**How to complete this task:** Two lines below mark the span: the one containing "Rikä CFSR010 Concrete" and the one containing "Surfer Dudes Zip Romper". Set down both, plus every line between, exactly as they stand, and nothing else.

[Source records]
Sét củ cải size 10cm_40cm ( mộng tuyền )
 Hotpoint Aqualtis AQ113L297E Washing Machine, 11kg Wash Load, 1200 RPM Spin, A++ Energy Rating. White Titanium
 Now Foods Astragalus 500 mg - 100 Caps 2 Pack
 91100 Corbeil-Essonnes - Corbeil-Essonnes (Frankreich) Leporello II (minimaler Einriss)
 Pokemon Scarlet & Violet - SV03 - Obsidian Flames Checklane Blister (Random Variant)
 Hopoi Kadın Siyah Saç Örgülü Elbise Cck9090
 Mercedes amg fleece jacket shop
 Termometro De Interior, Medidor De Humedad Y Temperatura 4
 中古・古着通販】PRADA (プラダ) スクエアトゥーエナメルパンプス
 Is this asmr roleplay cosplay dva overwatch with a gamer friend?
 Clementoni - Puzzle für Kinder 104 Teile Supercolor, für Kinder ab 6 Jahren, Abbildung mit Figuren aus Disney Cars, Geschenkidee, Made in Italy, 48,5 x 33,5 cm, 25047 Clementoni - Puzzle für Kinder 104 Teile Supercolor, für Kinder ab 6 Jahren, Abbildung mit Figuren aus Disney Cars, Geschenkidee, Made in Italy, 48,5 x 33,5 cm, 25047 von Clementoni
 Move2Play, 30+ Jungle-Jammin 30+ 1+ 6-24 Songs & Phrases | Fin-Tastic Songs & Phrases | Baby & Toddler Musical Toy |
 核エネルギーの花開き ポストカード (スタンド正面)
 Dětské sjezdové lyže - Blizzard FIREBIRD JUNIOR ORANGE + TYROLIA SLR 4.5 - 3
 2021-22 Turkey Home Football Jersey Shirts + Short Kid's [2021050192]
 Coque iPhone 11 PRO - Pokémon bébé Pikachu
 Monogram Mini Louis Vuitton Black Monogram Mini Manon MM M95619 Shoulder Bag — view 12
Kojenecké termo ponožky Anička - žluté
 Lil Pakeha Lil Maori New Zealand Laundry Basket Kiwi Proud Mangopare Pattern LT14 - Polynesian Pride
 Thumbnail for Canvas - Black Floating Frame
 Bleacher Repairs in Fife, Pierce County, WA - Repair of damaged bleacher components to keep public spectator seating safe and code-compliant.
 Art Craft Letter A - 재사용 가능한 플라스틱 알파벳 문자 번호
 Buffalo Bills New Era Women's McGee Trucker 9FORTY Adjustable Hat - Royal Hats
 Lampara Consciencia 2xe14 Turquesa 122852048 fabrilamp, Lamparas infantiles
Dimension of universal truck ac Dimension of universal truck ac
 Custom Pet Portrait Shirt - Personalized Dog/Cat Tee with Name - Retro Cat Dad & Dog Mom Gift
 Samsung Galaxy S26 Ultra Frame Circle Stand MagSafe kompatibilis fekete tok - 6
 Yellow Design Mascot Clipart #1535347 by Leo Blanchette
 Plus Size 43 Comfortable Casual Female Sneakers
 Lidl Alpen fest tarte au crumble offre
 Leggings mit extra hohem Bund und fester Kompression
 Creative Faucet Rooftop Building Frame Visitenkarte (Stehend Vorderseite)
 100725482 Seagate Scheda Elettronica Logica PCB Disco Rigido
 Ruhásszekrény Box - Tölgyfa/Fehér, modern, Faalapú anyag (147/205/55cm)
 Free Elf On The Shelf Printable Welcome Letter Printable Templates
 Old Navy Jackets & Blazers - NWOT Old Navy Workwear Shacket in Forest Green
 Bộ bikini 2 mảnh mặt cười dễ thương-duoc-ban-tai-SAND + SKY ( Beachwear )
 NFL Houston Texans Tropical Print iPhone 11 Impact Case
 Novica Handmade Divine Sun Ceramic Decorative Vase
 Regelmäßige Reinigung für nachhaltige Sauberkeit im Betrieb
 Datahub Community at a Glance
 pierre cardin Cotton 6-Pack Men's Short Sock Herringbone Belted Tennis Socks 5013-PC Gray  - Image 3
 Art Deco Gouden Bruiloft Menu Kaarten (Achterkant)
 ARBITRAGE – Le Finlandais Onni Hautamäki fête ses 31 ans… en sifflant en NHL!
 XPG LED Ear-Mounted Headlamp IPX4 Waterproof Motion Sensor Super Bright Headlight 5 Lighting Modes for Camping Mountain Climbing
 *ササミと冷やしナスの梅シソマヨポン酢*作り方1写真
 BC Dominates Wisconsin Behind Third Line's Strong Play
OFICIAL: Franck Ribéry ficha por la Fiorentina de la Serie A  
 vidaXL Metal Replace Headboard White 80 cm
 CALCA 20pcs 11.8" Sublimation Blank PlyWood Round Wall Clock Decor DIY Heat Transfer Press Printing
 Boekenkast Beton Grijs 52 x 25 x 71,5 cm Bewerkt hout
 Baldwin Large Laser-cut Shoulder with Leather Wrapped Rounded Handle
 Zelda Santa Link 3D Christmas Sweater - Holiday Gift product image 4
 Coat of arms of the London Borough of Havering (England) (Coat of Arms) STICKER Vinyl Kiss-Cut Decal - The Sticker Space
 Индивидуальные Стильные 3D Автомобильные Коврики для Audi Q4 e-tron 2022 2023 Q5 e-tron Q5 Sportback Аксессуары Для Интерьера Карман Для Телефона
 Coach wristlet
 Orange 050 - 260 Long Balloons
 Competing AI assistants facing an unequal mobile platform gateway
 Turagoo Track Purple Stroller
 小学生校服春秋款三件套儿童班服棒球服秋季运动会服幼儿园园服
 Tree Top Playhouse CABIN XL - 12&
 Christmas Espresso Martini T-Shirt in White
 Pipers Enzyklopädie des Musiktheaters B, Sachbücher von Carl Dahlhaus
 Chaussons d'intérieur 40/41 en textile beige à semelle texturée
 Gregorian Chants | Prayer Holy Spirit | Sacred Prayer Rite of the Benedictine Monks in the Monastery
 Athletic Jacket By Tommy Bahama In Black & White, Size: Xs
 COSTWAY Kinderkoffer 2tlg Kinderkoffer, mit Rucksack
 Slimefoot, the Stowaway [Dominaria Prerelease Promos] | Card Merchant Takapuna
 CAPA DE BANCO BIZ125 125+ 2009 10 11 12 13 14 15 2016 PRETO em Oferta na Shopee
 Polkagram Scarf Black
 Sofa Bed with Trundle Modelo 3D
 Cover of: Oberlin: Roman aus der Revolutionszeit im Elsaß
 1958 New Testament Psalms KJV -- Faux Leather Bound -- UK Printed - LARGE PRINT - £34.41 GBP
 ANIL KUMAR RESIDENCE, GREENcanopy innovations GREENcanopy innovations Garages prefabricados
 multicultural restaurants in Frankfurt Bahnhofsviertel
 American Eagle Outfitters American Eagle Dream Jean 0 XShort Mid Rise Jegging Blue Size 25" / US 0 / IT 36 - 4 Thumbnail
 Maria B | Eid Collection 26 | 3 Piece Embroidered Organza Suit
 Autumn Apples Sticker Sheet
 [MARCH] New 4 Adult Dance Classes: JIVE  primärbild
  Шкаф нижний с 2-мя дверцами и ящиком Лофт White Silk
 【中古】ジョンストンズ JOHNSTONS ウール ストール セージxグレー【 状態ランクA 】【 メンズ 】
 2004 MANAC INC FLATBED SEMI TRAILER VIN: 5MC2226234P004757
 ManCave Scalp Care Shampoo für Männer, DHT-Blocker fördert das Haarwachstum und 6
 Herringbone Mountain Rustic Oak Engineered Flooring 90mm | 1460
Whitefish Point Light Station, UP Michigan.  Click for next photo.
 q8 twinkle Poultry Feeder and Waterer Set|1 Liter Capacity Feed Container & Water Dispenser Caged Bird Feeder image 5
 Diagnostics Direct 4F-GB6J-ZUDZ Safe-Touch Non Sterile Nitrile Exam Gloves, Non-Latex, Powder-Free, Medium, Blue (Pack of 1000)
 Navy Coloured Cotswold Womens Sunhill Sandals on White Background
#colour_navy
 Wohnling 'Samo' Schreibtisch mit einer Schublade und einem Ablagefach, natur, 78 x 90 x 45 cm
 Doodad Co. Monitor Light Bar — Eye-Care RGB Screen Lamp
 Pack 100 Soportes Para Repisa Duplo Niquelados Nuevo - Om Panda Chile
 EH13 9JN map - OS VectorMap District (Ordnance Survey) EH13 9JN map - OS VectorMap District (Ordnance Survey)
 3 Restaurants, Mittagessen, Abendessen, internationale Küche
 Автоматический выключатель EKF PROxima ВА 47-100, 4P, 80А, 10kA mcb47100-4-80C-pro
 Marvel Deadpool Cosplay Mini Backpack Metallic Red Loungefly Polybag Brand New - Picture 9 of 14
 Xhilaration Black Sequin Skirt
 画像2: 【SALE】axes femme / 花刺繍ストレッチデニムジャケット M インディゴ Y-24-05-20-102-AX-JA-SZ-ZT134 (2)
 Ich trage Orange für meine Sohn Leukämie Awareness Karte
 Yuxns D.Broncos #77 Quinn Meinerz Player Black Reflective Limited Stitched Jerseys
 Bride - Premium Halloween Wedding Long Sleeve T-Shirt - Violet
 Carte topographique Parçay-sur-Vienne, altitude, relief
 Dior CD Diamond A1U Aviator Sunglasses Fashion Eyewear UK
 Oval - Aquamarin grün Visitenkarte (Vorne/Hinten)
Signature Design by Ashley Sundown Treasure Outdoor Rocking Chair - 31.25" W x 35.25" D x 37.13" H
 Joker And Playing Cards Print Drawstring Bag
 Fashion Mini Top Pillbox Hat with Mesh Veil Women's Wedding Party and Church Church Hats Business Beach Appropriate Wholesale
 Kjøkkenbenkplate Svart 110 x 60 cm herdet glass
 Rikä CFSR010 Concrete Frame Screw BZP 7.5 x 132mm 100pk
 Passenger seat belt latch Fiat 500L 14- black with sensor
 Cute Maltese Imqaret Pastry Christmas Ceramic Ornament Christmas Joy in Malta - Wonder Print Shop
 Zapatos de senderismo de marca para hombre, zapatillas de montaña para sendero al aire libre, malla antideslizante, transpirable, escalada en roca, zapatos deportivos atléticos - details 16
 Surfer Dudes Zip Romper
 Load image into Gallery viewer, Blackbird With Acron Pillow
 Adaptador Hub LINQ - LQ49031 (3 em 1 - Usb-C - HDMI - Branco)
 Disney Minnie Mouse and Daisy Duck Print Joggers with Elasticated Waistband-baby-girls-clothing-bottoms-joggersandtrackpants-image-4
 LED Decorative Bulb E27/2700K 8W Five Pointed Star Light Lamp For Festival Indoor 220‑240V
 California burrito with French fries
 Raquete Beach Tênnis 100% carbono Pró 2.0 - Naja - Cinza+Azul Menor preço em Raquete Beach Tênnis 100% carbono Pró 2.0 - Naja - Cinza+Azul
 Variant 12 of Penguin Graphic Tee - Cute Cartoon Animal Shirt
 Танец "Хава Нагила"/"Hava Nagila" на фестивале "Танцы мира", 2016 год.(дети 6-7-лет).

**Answer for this exercise:**
 Rikä CFSR010 Concrete Frame Screw BZP 7.5 x 132mm 100pk
 Passenger seat belt latch Fiat 500L 14- black with sensor
 Cute Maltese Imqaret Pastry Christmas Ceramic Ornament Christmas Joy in Malta - Wonder Print Shop
 Zapatos de senderismo de marca para hombre, zapatillas de montaña para sendero al aire libre, malla antideslizante, transpirable, escalada en roca, zapatos deportivos atléticos - details 16
 Surfer Dudes Zip Romper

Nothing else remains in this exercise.